Pictures with short captions:
★ ★ ★ ★
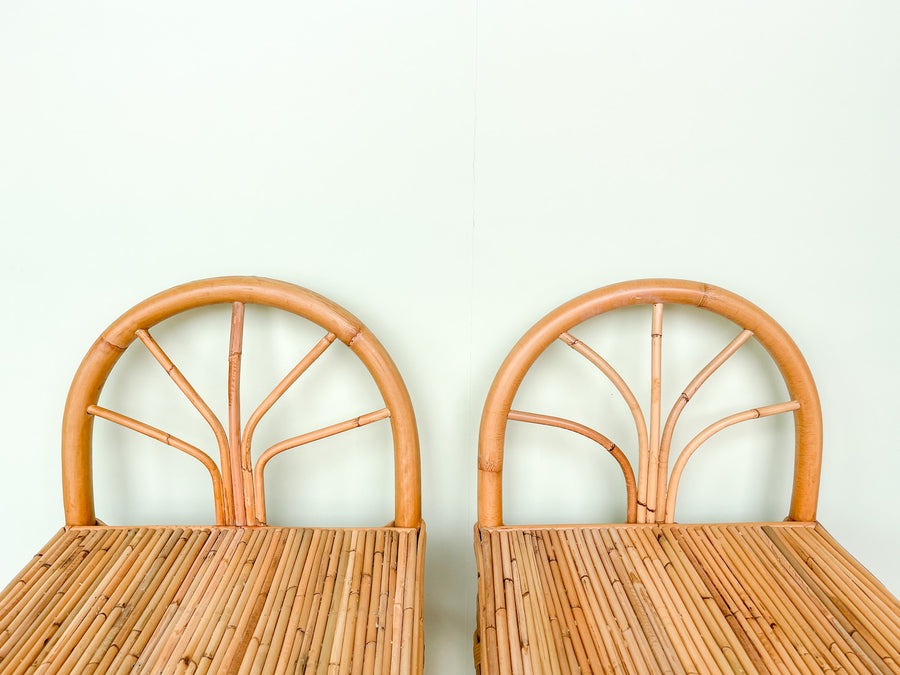 Pair of Island Chic Bamboo Bar Stools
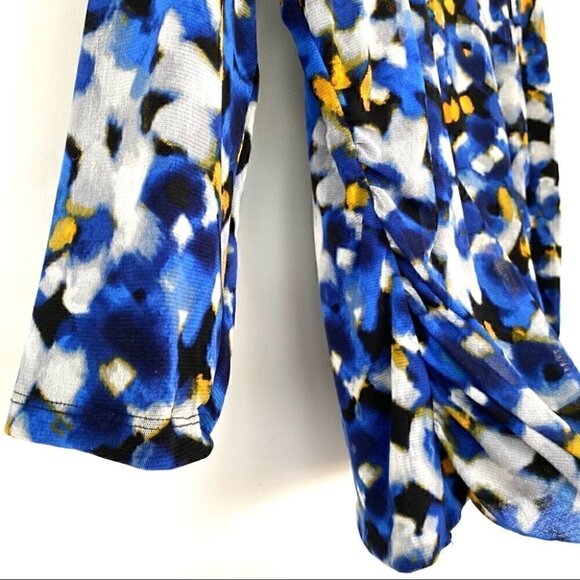 Alfani stretch ruched top with crew neck and  3/4 length sleeves, petite size - Picture 5 of 10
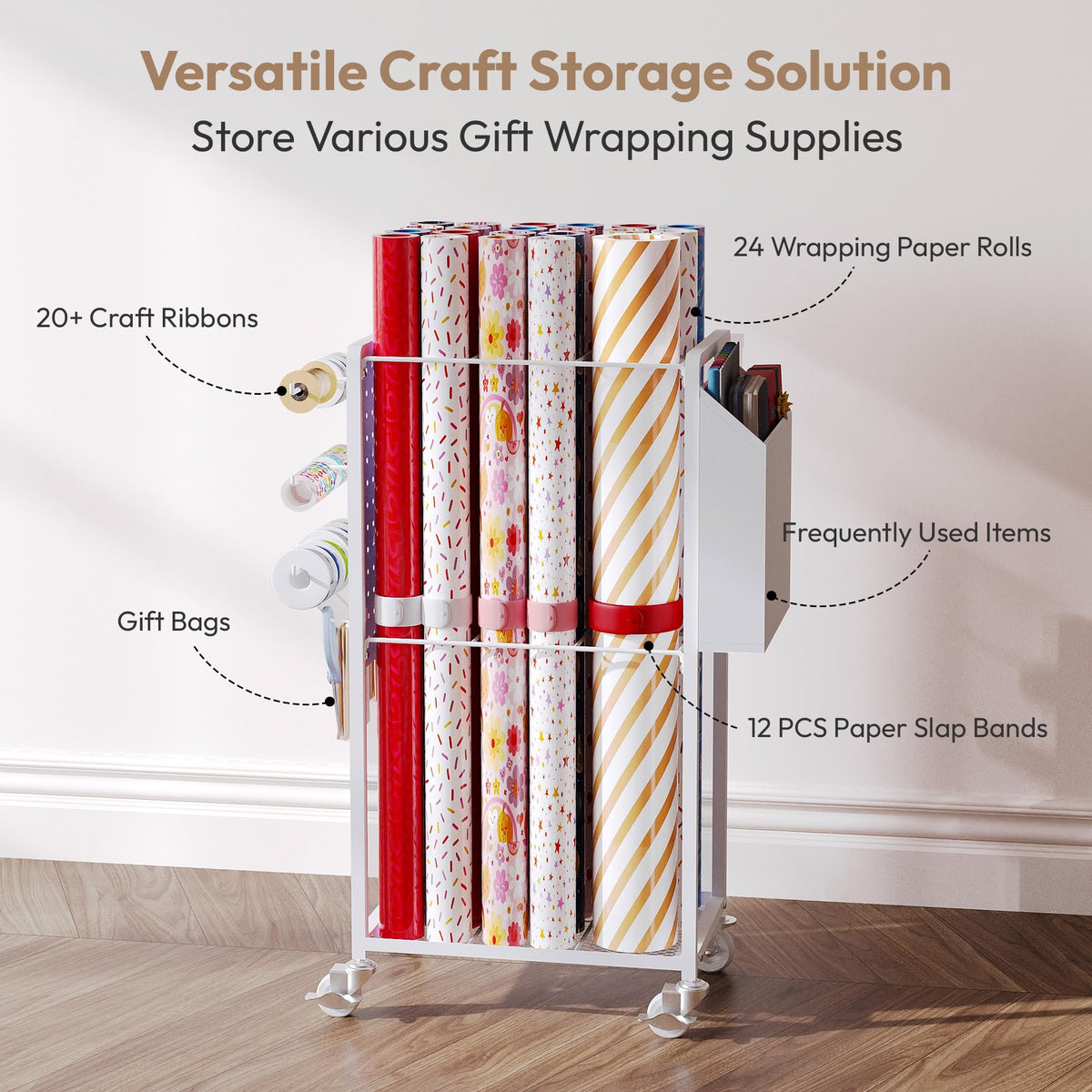 Sunnacate Wrapping Paper Organizer Cart with 12PCS Slap Bands, Rolling Gift Wrapping Organizer Storage Wrapping Paper Station Ribbon Holder, Blueprint Poster Holder, Craft Organizers and Storage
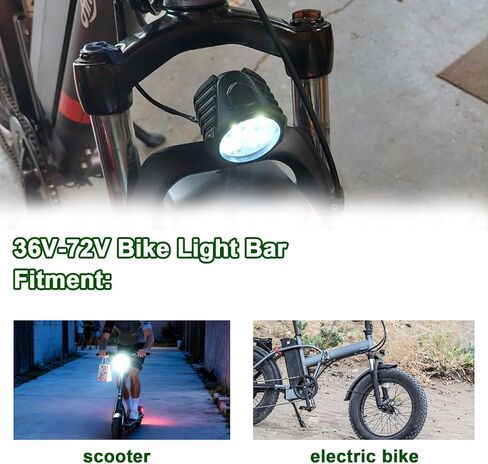 Ebike Headlight 3 Pin - PSLER 36V-72V Bike Light Bar, Electric Bike Front Light with Horn in Saudi Arabia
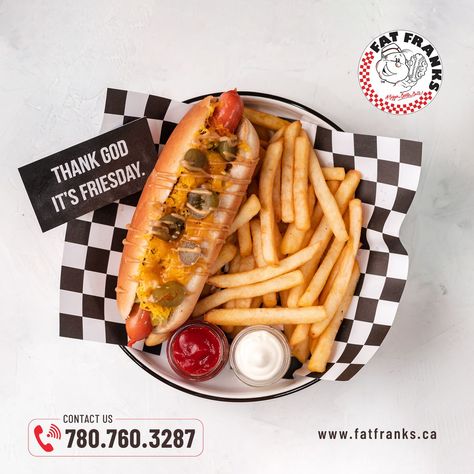 Try the combo of a hot dog and fries! We serve delicious hot dogs and fries for you and your loved ones to make the day special. 👉 Please call us a 📲 780-760-3287 Hot Dog Serving Ideas, Hot Dogs Negocio Ideas, Hot Dog Business, Hot Dog Place, Hotdog Sandwich, Chicago Hot Dog, Gourmet Hot Dogs, Hot Dog Cart, Hot Dog Stand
★ ★ ★ ★
WHAT YOU SHOULD DO:
Restate each of the entries above word for word and skip every image.

EXERCISE RESULT:
 Pair of Island Chic Bamboo Bar Stools
 Alfani stretch ruched top with crew neck and  3/4 length sleeves, petite size - Picture 5 of 10
 Sunnacate Wrapping Paper Organizer Cart with 12PCS Slap Bands, Rolling Gift Wrapping Organizer Storage Wrapping Paper Station Ribbon Holder, Blueprint Poster Holder, Craft Organizers and Storage
 Ebike Headlight 3 Pin - PSLER 36V-72V Bike Light Bar, Electric Bike Front Light with Horn in Saudi Arabia
 Try the combo of a hot dog and fries! We serve delicious hot dogs and fries for you and your loved ones to make the day special. 👉 Please call us a 📲 780-760-3287 Hot Dog Serving Ideas, Hot Dogs Negocio Ideas, Hot Dog Business, Hot Dog Place, Hotdog Sandwich, Chicago Hot Dog, Gourmet Hot Dogs, Hot Dog Cart, Hot Dog Stand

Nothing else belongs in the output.